EXERCISE DESCRIPTION
Output only the lines below from the one holding "by Rush Limbaugh" down to the one holding "Henry Wadsworth Longfellow", both end lines included and every picture dropped.

MATERIAL SUPPLIED
╔══

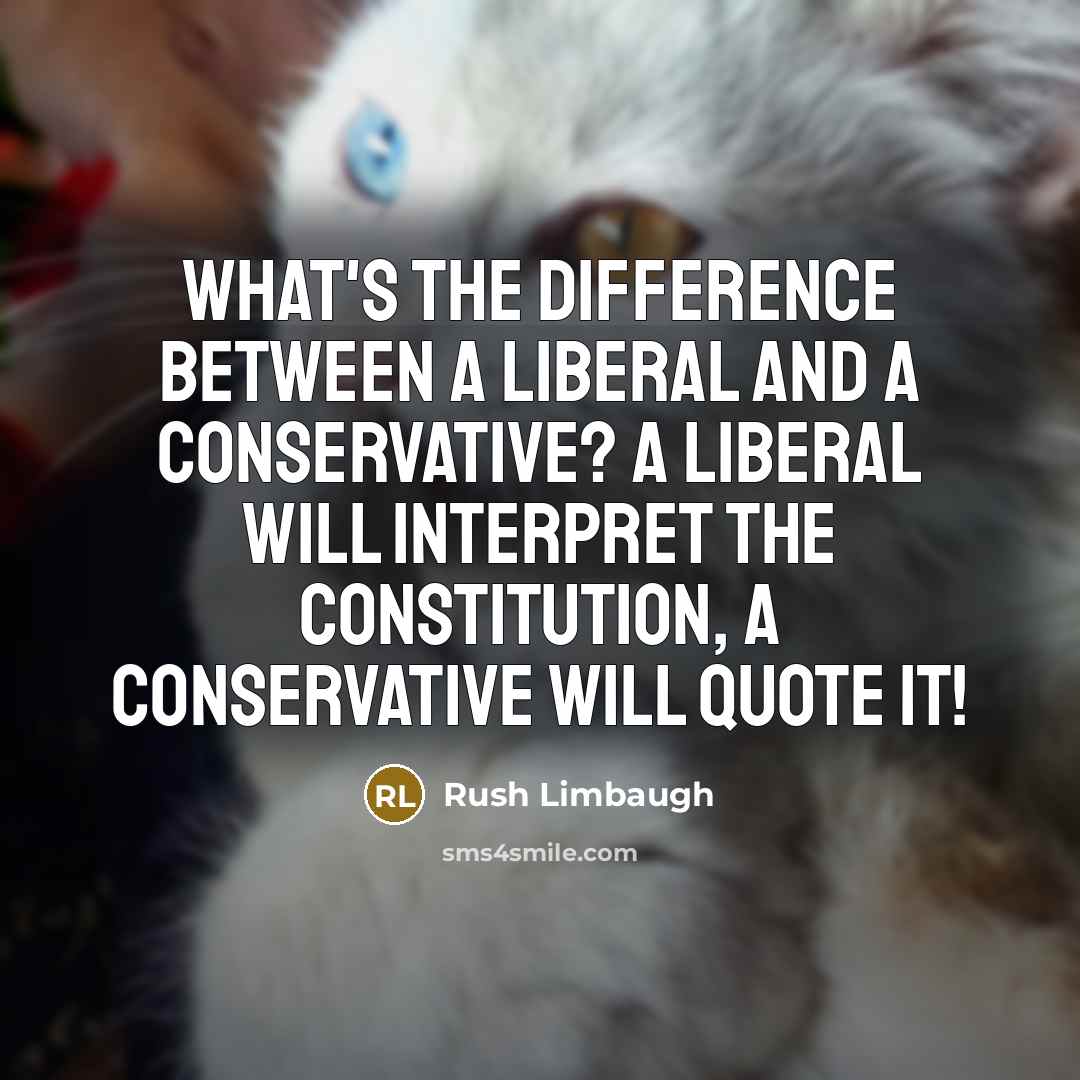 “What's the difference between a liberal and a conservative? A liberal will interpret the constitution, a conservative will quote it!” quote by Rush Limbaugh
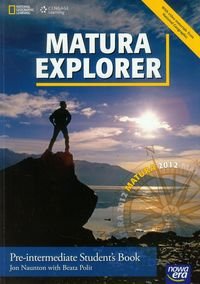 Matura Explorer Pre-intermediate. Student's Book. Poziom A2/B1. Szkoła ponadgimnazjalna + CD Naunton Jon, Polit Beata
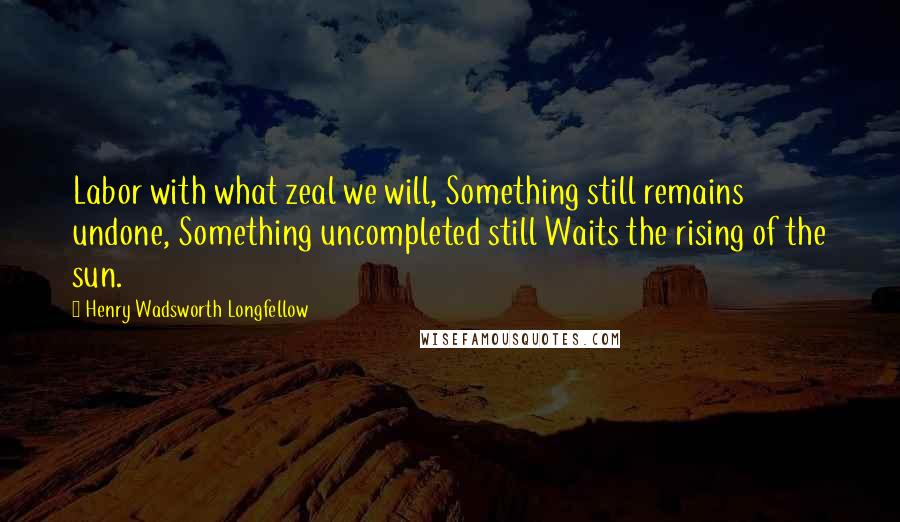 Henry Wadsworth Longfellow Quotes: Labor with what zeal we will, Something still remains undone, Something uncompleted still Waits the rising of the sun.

╚══
╔══

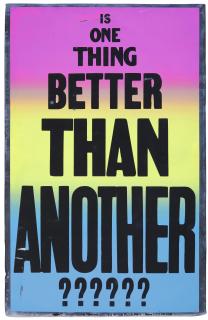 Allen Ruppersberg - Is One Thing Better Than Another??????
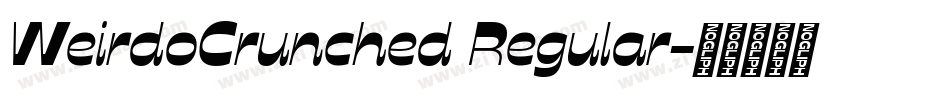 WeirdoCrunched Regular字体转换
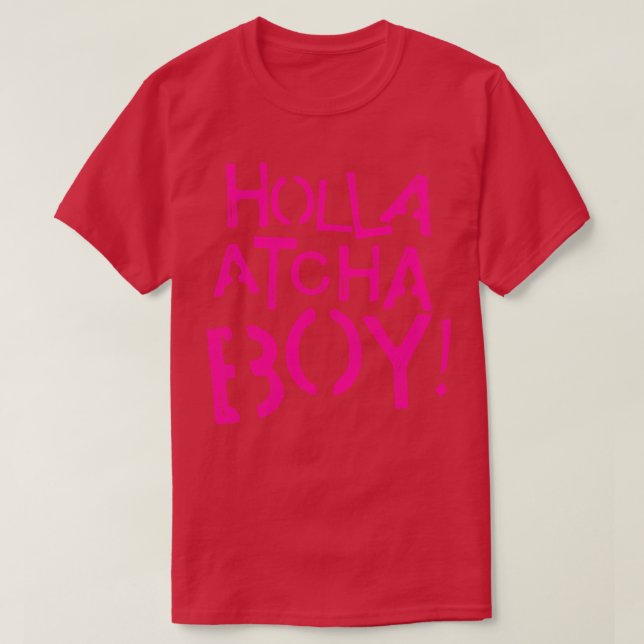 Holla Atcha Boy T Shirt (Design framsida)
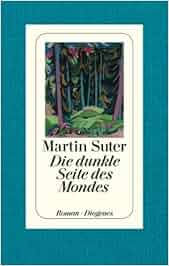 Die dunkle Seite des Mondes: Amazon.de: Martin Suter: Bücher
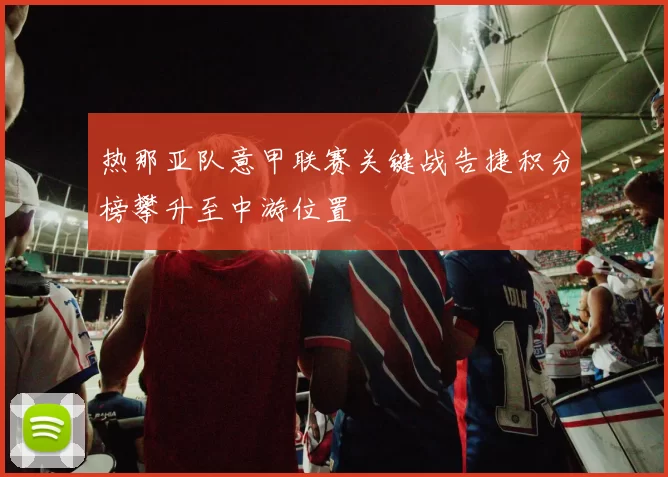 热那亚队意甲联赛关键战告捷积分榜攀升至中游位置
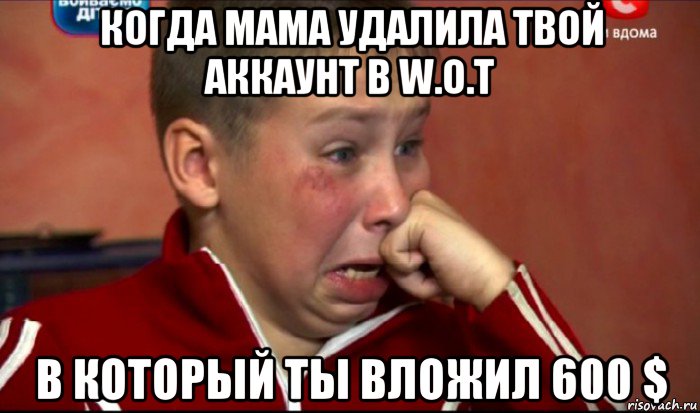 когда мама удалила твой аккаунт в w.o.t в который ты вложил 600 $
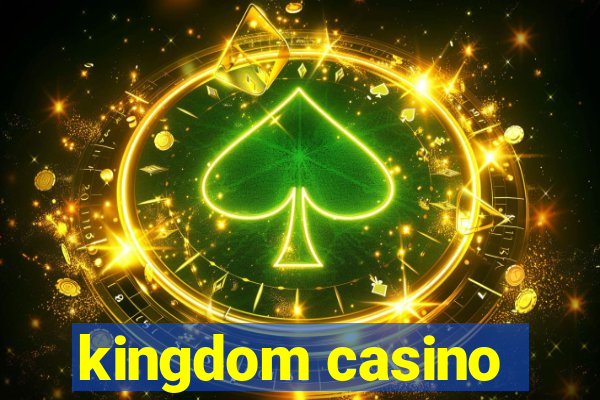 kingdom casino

╚══
╔══

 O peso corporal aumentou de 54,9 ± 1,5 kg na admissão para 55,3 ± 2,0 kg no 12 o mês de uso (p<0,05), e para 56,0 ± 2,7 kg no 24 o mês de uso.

╚══

RESPONSE TO THIS EXERCISE
 “What's the difference between a liberal and a conservative? A liberal will interpret the constitution, a conservative will quote it!” quote by Rush Limbaugh
 Matura Explorer Pre-intermediate. Student's Book. Poziom A2/B1. Szkoła ponadgimnazjalna + CD Naunton Jon, Polit Beata
 Henry Wadsworth Longfellow Quotes: Labor with what zeal we will, Something still remains undone, Something uncompleted still Waits the rising of the sun.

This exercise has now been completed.